> [SUPPLIED MATERIAL]
-- Opening Marker --
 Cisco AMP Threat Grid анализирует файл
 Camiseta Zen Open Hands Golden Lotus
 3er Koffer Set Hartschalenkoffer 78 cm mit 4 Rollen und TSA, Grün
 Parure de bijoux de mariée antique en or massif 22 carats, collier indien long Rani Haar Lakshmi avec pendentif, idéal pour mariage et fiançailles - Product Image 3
-- Closing Marker --
-- Opening Marker --
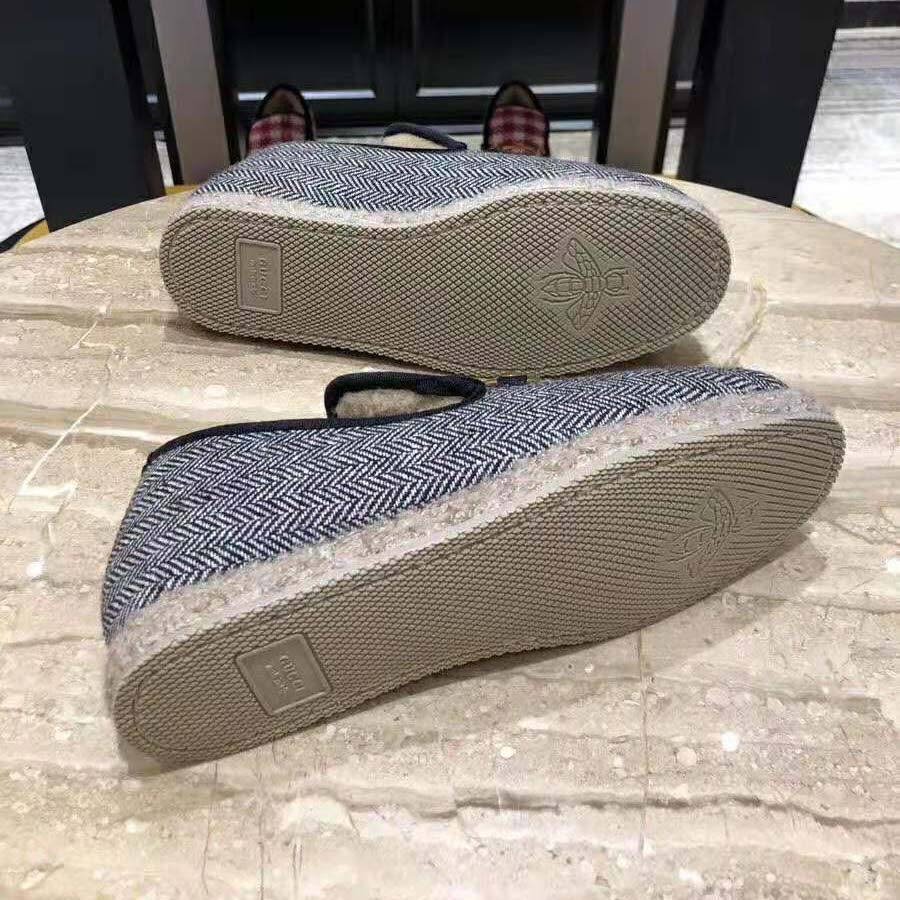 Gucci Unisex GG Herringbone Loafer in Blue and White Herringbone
-- Closing Marker --
Repeat exactly the lines of the listing above, from the one with "Cisco AMP Threat Grid анализирует файл" down to the one with "Parure de bijoux"; both of those lines belong in the range.

 Cisco AMP Threat Grid анализирует файл
 Camiseta Zen Open Hands Golden Lotus
 3er Koffer Set Hartschalenkoffer 78 cm mit 4 Rollen und TSA, Grün
 Parure de bijoux de mariée antique en or massif 22 carats, collier indien long Rani Haar Lakshmi avec pendentif, idéal pour mariage et fiançailles - Product Image 3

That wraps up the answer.